Honest Establishment Newsman Affirms Conspiracy
Posted on: January 24, 2011
By Tom Gow
The story of Herman Dinsmore (1900-1980) demonstrates how it is still possible in our information-rich society for supposedly well informed individuals to be unaware of critical information adverse to the Conspiracy.
For 34 years, Herman Dinsmore worked in the heart of the Establishment’s media organ — The New York Times. For nine years (1951-1960), he served as editor of the International Edition of the Times.
Dinsmore became angry at what he saw at the Times — a deliberate, systematic distortion of the news as a matter of official Times policy. And so, the professor of journalism took up his pen and wrote an exposé of the Times, appropriately titled All the News That Fits.* His critical analysis of the Times appeared in 1969 during the Vietnam War, the Times coverage of which drew special criticism from Dinsmore.
What is particularly noteworthy is what Mr. Dinsmore discovered with further study after leaving the Times. He began to see the big picture. Mr. Dinsmore had every reason to consider himself well informed. As editor of the International Edition of the Times, it was his duty to be aware of every story reported in the paper. However, his further investigation led him to an awareness of important events that had not been reported. With new insight he would acknowledge the existence of a Conspiracy.

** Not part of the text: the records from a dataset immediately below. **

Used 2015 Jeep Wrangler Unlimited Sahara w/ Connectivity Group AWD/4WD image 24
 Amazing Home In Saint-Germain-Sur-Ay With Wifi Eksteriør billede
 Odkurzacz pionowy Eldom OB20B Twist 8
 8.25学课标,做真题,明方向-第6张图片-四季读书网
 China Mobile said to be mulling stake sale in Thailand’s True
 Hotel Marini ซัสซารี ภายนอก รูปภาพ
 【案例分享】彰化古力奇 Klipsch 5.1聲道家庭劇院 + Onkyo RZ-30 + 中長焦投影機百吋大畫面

In 1974, Dinsmore published a much more enlightened exposé of what was afflicting our nation. In The Bleeding of America, Dinsmore wrote:
The idea that the United States of America was under attack from some of its own citizens developed very slowly in the writer’s mind. It was not until he read Dr. Medford Evans’ The Secret War for the A-Bomb that he became convinced that a genuine effort was under way to establish a global check on this country — to balance other nations against it, to prevent it from winning wars; in short, to clip the wings of the American eagle.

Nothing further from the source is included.